The Sphynx cat (pronounced , ) also known as the Canadian Sphynx, is a breed of cat known for its lack of fur. Hairlessness in cats is a naturally occurring genetic mutation, and the Sphynx was developed through selective breeding of these animals, starting in the 1960s. 

According to breed standards, the skin should have the texture of chamois leather, as it has fine hairs, or the cat may be completely hairless. Whiskers may be present, either whole or broken, or may be totally absent. The cats have a narrow, long head and webbed feet. Their skin is the color that their fur would be, and all the usual cat markings (solid, point, van, tabby, tortie, etc.) may be found on the Sphynx cat's skin. Because they have no fur, Sphynx cats lose body heat more readily than coated cats, making them both warm to the touch and prone to seeking out warm places.

Breed standards
The breed standards are defined by The International Cat Association (TICA):
 Wedge-shaped heads with prominent cheekbones
 Large, lemon-shaped eyes
 Very large ears with hair on inside, but soft down on outside base
 Well-muscled, powerful neck of medium length
 Medium length torso, barrel-chested, and full, round abdomen, sometimes called a pot belly
 Paw pads thicker than other cats, giving the appearance of walking on cushions
 Whiplike, tapering tail from body to tip, (sometimes with fur all over tail or a puff of fur on the tip, like a lion)
 Muscular body

History of the cat breed
The contemporary breed of Sphynx cat is distinct from the Russian hairless cat breeds, like Peterbald and Donskoy. Although hairless cats have been reported throughout history, breeders in Europe have been developing the Sphynx breed since the early 1960s. Two different sets of hairless felines discovered in North America in the 1970s provided the foundation cats for what was shaped into the existing Sphynx breed.
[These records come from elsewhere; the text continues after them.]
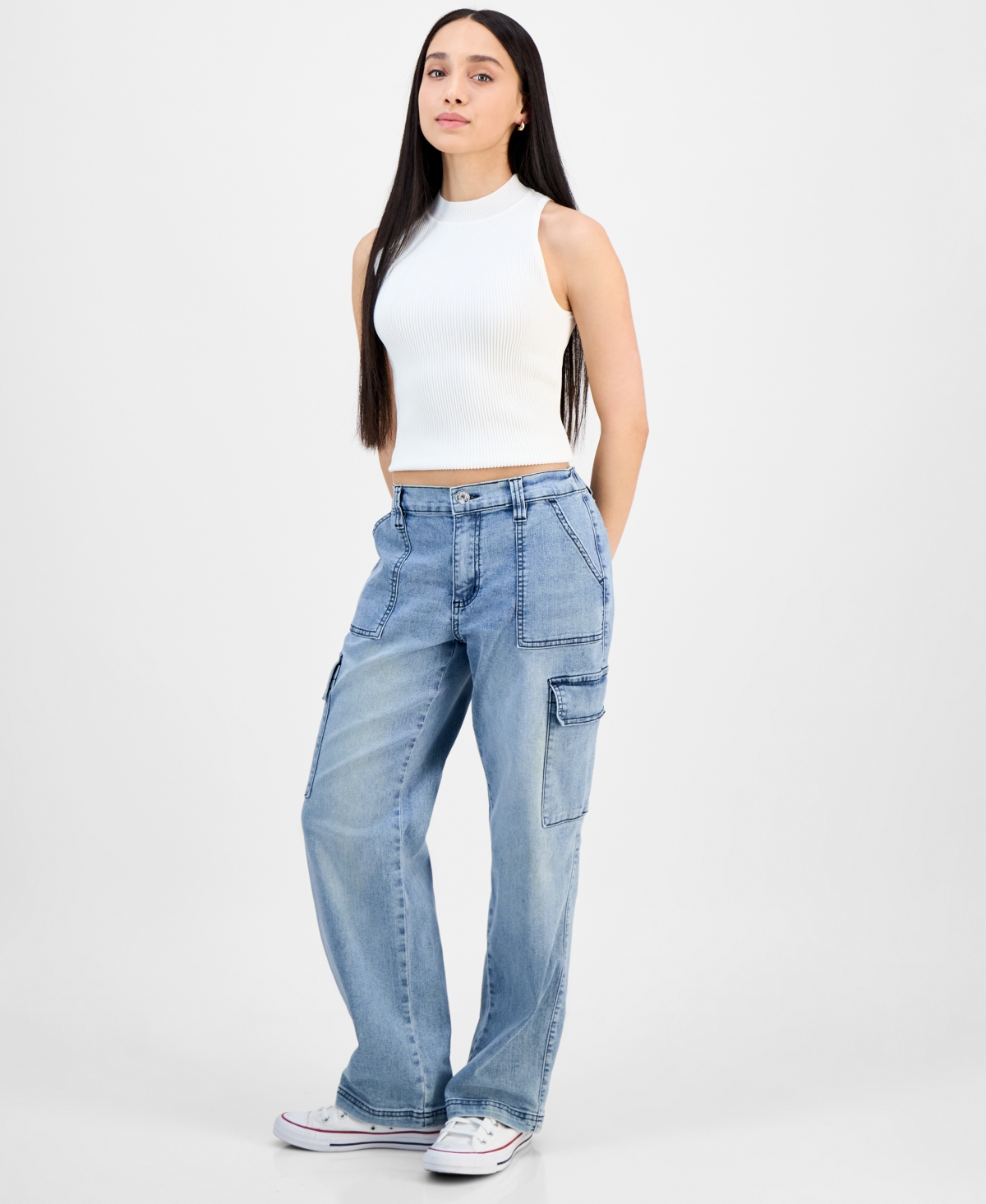 Juniors' Wide-Leg Cargo Skater Jeans - Dark Wash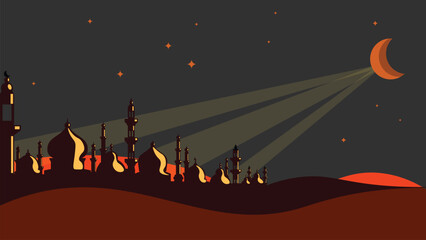 Mosque silhouette illustration with crescent moon above buildings, stars and light rays on a gray night sky with dunes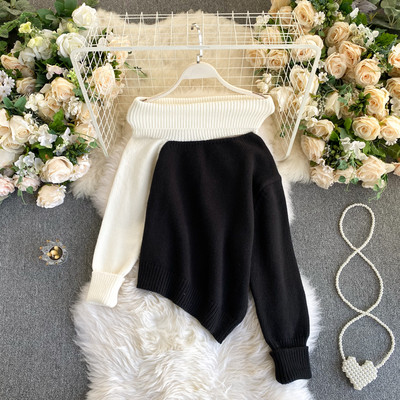 Γυναικείο casual πουλόβερ με κοψίματα - ασύμμετρο μοτίβο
The current American and European Sphynx breed is descended from two lines of natural mutations:
 Dermis and Epidermis (1975) barn cats from the Pearson family of Wadena, Minnesota
 Bambi, Punkie and Paloma (1978) stray cats found in Toronto, Ontario, Canada, and raised by Shirley Smith

Toronto 
The Canadian Sphynx breed was started in 1966 in Toronto, Ontario when a hairless male kitten named Prune was born to a black and white domestic shorthair queen (Elizabeth). The kitten was mated with his mother (called backcrossing), which produced one more naked kitten. Together with a few naked kittens found later, the cat Prune was the first attempt to create a hairless breed.

After purchasing these cats in 1966 and initially referring to them as "Moonstones" and "Canadian Hairless", Ridyadh Bawa, a science graduate of the University of Toronto, combined efforts with his mother Yania, a longtime Siamese breeder, and Keese and Rita Tenhoves to develop a breed of cats which was subsequently renamed as Sphynx. The Bawas and the Tenhoves were the first individuals able to determine the autosomal recessive nature of the Sphynx gene for hairlessness while also being successful in transforming this knowledge into a successful breeding program with kittens which were eventually capable of reproducing. The Tenhoves were initially able to obtain for the new breed provisional showing status through the Cat Fanciers' Association (CFA) but ultimately had the status revoked in 1971, when it was felt by the CFA Board that the breed had concerns over fertility.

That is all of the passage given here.